Well, for integers I would use NSNumber. But YES and NO aren\'t objects, I guess. A.f.a.i.k. I can only add objects to an NSDictionary, right?
You use NSNumber.
It has init... and number... methods that take booleans, just as it does integers and so on.

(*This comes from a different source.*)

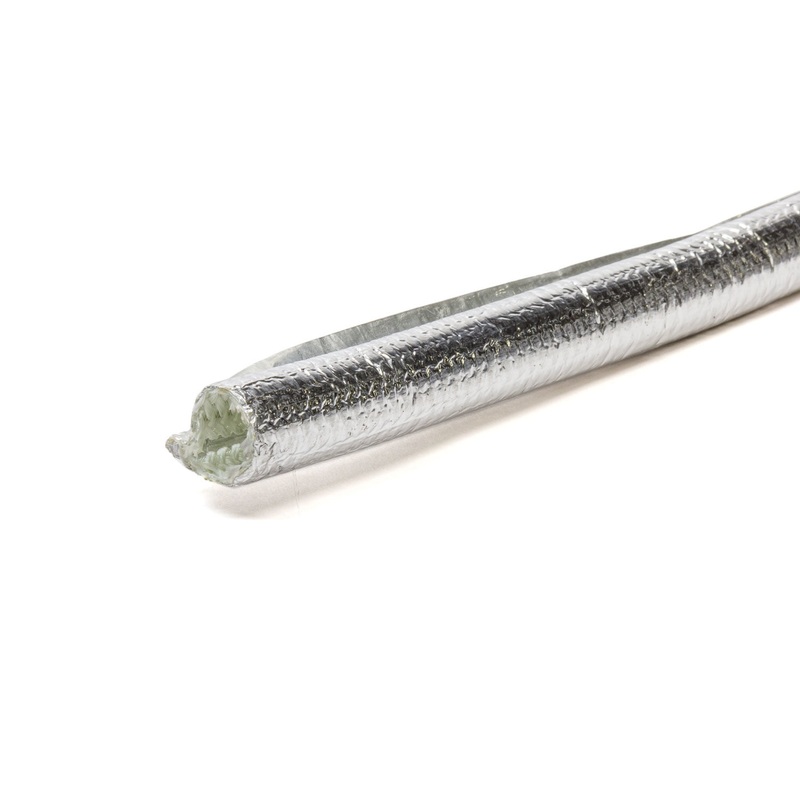 ExtremeShield 1400 Flexible Reflective Wrap 25830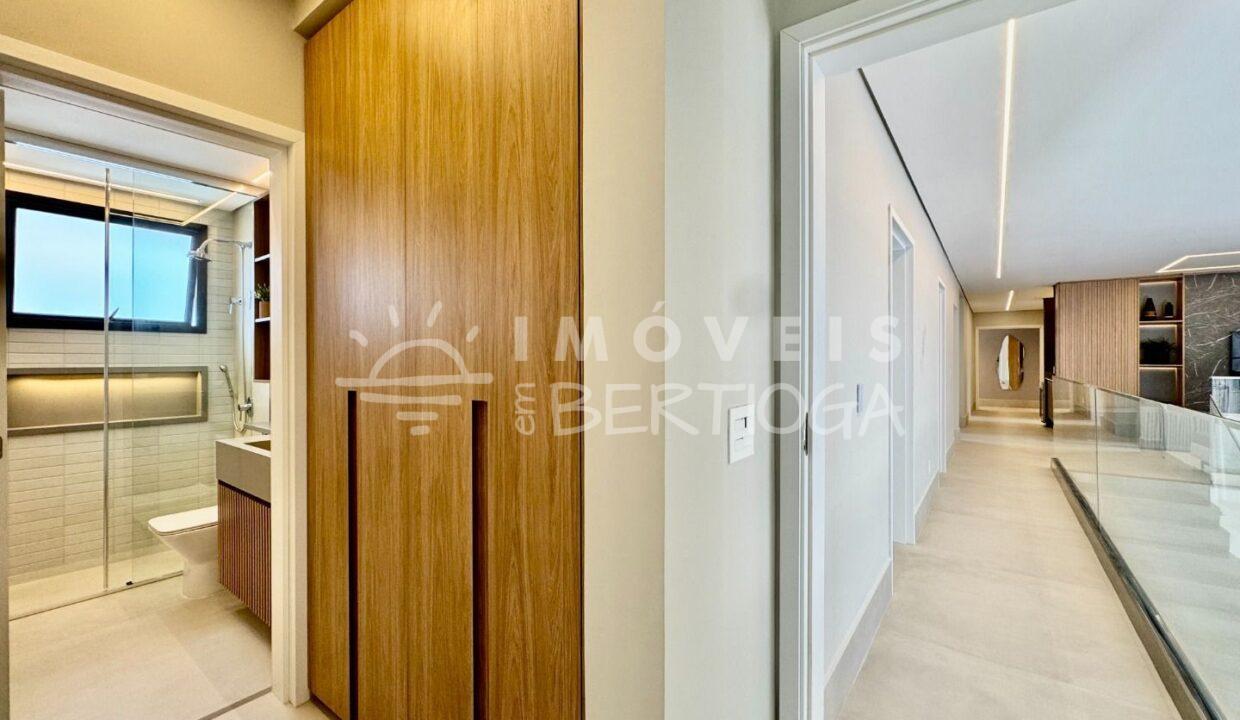 Casa-venda-BERTIOGA-RIVIERA-DE-SAO-LOURENCO-CA1719R-imobiliaria-na-riviera-imobiliaria-bertioga-2025-10-28_19-24-45_foto_rm-22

From the NSNumber class reference:
// Creates and returns an NSNumber object containing a
// given value, treating it as a BOOL.
+ (NSNumber *)numberWithBool:(BOOL)value
and:
// Returns an NSNumber object initialized to contain a
// given value, treated as a BOOL.
- (id)initWithBool:(BOOL)value
and:
// Returns the receiver’s value as a BOOL.
- (BOOL)boolValue
As jcampbell1 pointed out, now you can use literal syntax for NSNumbers:
NSDictionary *data = @{
// when you always pass same value
@"someKey" : @YES
// if you want to pass some boolean variable
@"anotherKey" : @(someVariable)
};
Try this:
NSMutableDictionary *dic = [[NSMutableDictionary alloc] init];
[dic setObject:[NSNumber numberWithBool:TRUE] forKey:@"Pratik"];
[dic setObject:[NSNumber numberWithBool:FALSE] forKey:@"Sachin"];
if ([dic[@"Pratik"] boolValue])
{
NSLog(@"Boolean is TRUE for 'Pratik'");
}
else
{
NSLog(@"Boolean is FALSE for 'Pratik'");
}
if ([dic[@"Sachin"] boolValue])
{
NSLog(@"Boolean is TRUE for 'Sachin'");
}
else
{
NSLog(@"Boolean is FALSE for 'Sachin'");
}
The output will be as following:
Boolean is TRUE for 'Pratik'
Boolean is FALSE for 'Sachin'
The new syntax since Apple LLVM Compiler 4.0
dictionary[@"key1"] = @(boolValue);
dictionary[@"key2"] = @YES;
The syntax converts BOOL to NSNumber, which is acceptable to NSDictionary.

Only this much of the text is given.